Replace substring by substring in column of data frame-CodePudding

I have a pandas data frame data with several columns. One of these columns is GEN. This column contains german cities as strings. Some of these cities are in a bad format, meaning that they have values like "Frankfurt a.Main". For every element in data['GEN'] I would like to replace every expression of the form "\.[A-ZÄÖÜ]" (i.e. dot followed by upper case letter) by the corresponding expression "\.\b[A-ZÄÖÜ]". For example

"Frankfurt a.Main" becomes "Frankfurt a. Main"
"Frankfurt a.d.Oder" becomes "Frankfurt a.d. Oder" and so on.

I am pretty sure that pandas.Series.str.contains and pandas.Series.str.replace are helpful here, but one of my problems is that I don't know how to put the replacement task in a form that can be used by the above functions.

CodePudding user response：

You can use pandas.Series.str.replace to capture the two groups that compose a german city name in your original data and then add a whitespace between them.

Try this :

data['GEN'] = data['GEN'].str.replace(r'(\w \s.*\.)(\w*)', r'\1 \2', regex=True)

# Output :

0      Frankfurt a. Main
1    Frankfurt a.d. Oder

CodePudding user response：

You could assert a dot to the left using a positive lookbehind (?<=\.) and match one of [A-ZÄÖÜ]
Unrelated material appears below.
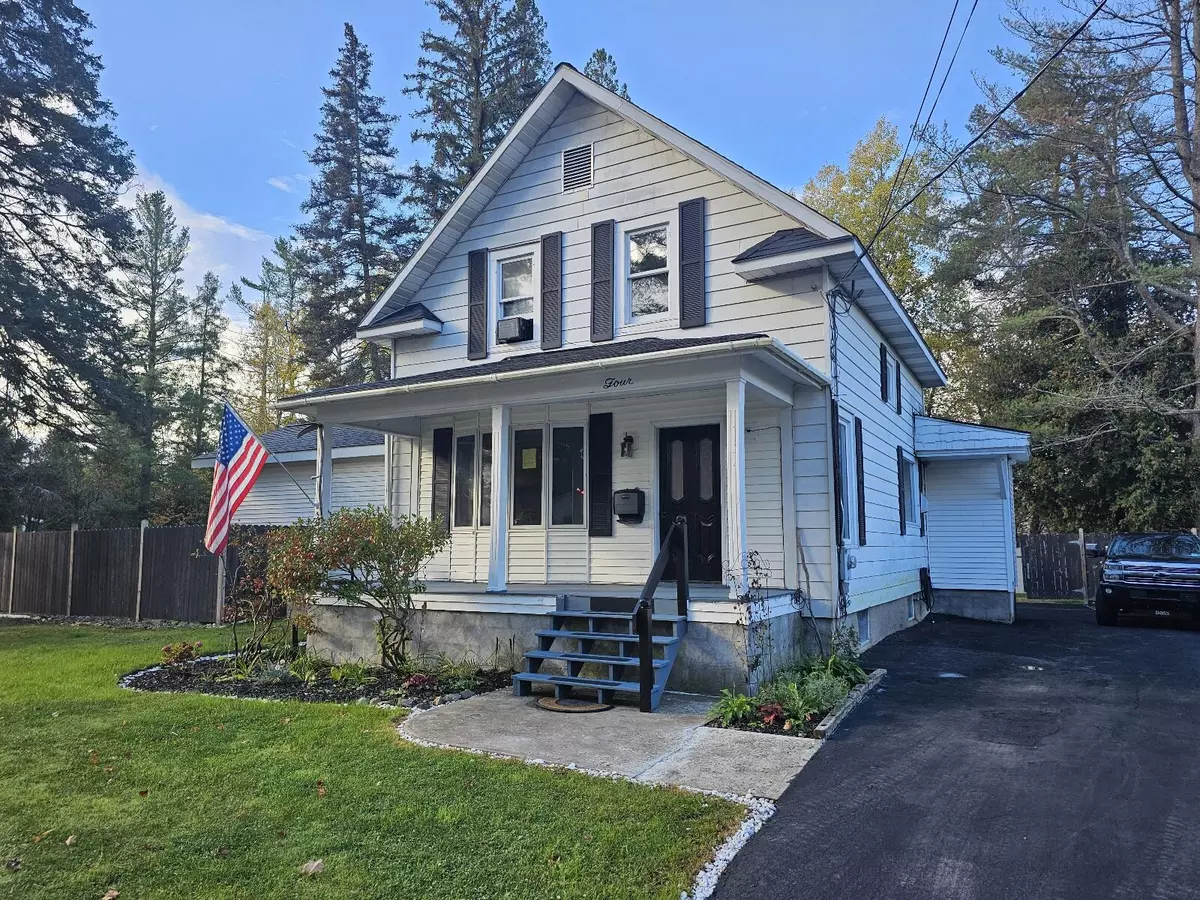 Tupper Lake, NY 12986,4 Woodrow AVE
In the replacement use a space followed by the full match using \g<0>

import pandas as pd

pattern = r"(?<=\.)[A-ZÄÖÜ]"
items = [
    "Frankfurt a.Main",
    "Frankfurt a.d.Oder"
]
data = pd.DataFrame(items, columns=["GEN"])
data['GEN'] = data['GEN'].str.replace(pattern, r' \g<0>')
print(data)

Output

                   GEN
0    Frankfurt a. Main
1  Frankfurt a.d. Oder